Over the weekend I updated over 100+ servers and workstations (mostly Dell Poweredge servers or Precision workstations) from Rocky 8.9 to 8.10. For the vast majority of these machines everything went fine. But on two of the, both Precision 5820, the new kernel 4.18.0-553.5.1.el8_10 shows in the GRUB menu but when selected on just gets a blank screen forever with never any output. The system also never appears online at its configured IP. If we select the previous kernel on each box they boot and run just fine.

I tried reinstalling all the kernel packages with

yum reinstall $(rpm -qa | grep 553.5.1)

but same result on reboot. I tried ‘dracut -fv’ and ‘grub2-mkconfig …’ as well with no change.

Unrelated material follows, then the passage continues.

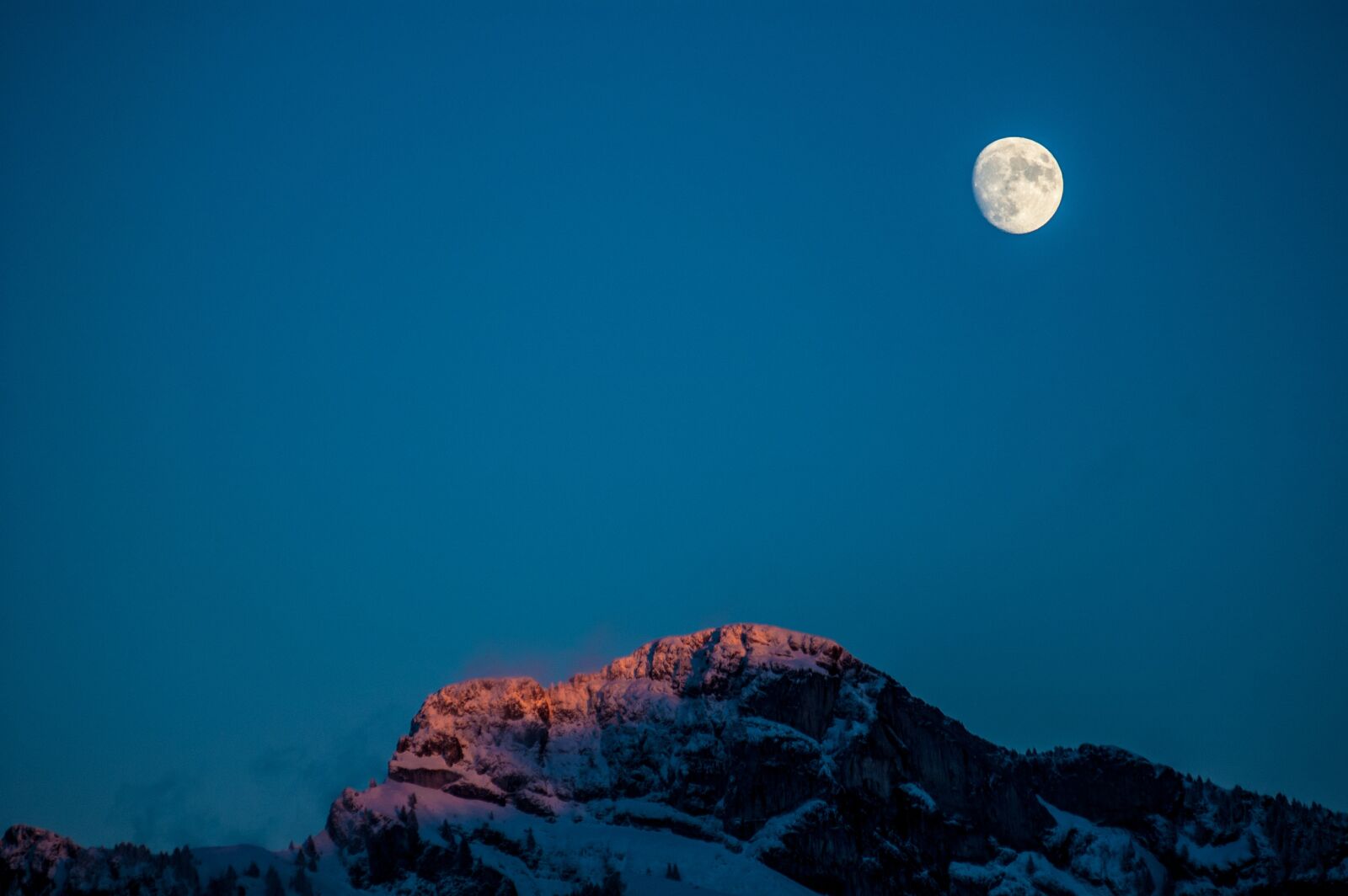Nikon D70 sample photo. Moon, mountain, sky photography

BTW, I have removed ‘quiet’ from the grub boot parameters so I normally see kernel messages immediately on selecting the older kernel in GRUB. We see nothing with the new kernel.

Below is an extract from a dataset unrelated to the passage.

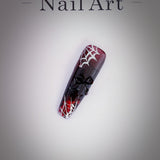 Title Crimson Web Nocturne | Gothic Spider Press-On Nails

Any ideas what might be going on?

While booted into the previous kernel, are you able to see any messages at all from the attempt to boot into the newer kernel?

No, nothing in the /var/log/messages at all from those attempts. Since I see no kernel boot messages I am pretty sure it never gets far enough for the filesystems to be mounted and for any logs to get written too.

I get no error message from GRUB either, so it seems to find the kernel file to boot, but something in booting in the first few microseconds locks the system up.

Are these the only two machines which are Precision 5820, or are there others of this type for which it’s working ? If they are the only ones, what output do you get from
lspci -nn | grep VGA
if any ?

I have several other Precision 5820’s but after looking at the difference the two machines with the boot issue are both running a BIOS dated from 01/24/2019. All the rest that work have a later BIOS. So I am going to try upgrading the BIOS later this week.

While they are still in the broken state, can you try; either edit existing grub entry, or create a new one.

remove : "rhgb quiet" (already done)
add : "console=tty0 console=ttyS0,115200 rd.debug initcall_debug"

reboot, then choose the “debug” menu entry. On my machine, I got huge extra detail during boot, BUT

Are the machines using UEFI and secure boot?

If so, it might be getting stuck running shim…

Tried adding “rd.debug initcall_debug” but still got just a blank screen on boot. We upgraded the box to the latest BIOS version from Dell and still just a blank screen. We then tried booting the 8.10 install USB image to see if that would boot and it did not.

So we have given up at this point and will just stick to the older kernel on these boxes till there is a newer Rocky 8 kernel to try.